Antes de los aplausos

En un preludio casi imperceptible, el destino convoca a reír. En una escena que aparenta espontánea; la magia, el encanto, la fantasía y la inocencia, pergeñan de antemano para hacer brillar pupilas y estirar comisuras.
Nadie posa para la foto, y sin embargo el retrato del después, sabemos sabrá perfecto.
El maquillaje adecuado, el espejo, la vara.
El sombrero, la nariz de payaso, las plumas, los pies de arlequín.
Accesorios, que revisten el espíritu de un espectáculo que tiene la noble misión de hacernos reír. Son los protagonistas de la colorida carpa: el payaso, el malabarista, el mago, el trapecista, los enanos, los animales que desde la historia acompañan.
Dueños de aplausos, de gritos, silbidos, palmas, anhelos y nostalgias, que se salen de los límites del tiempo, para perseguirnos alguna vez entre añorados recuerdos. ¿Y quienes son cuando no hay escenario? ¿Acaso personajes eternos? ¿Idolos que no se equivocan? ¿Interpretes perfectos?

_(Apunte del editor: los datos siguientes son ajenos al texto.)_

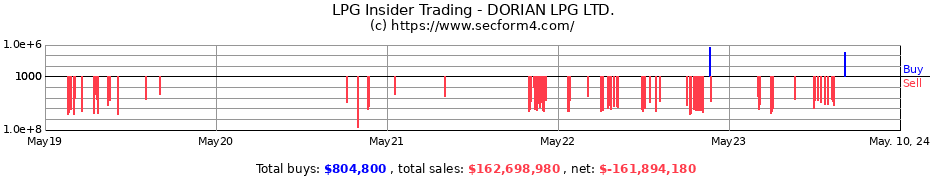 Insider Trading Transactions for Dorian LPG Ltd.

Son hombres y mujeres finitos, que sienten, aman, odian y trascienden en nuestra misma rutina. Almas revoltosas que dejan sus tropiezos, dolores y cansancios; en el afán de contagiar alegría, de despertar sueños, de cocinar ganas, y de emprender vuelo.
Y en esa antesala, donde la realidad es excepcional al guión, es que los artistas se preparan con vida, con trajes, oficio, tradición y vocación.
Expectante entre el murmuro y la ansiedad, aguarda el público. Ese mismo que del otro lado, más acá o más allá de la función, recordará: Había una vez, un circo...

Marcela Psonkevich.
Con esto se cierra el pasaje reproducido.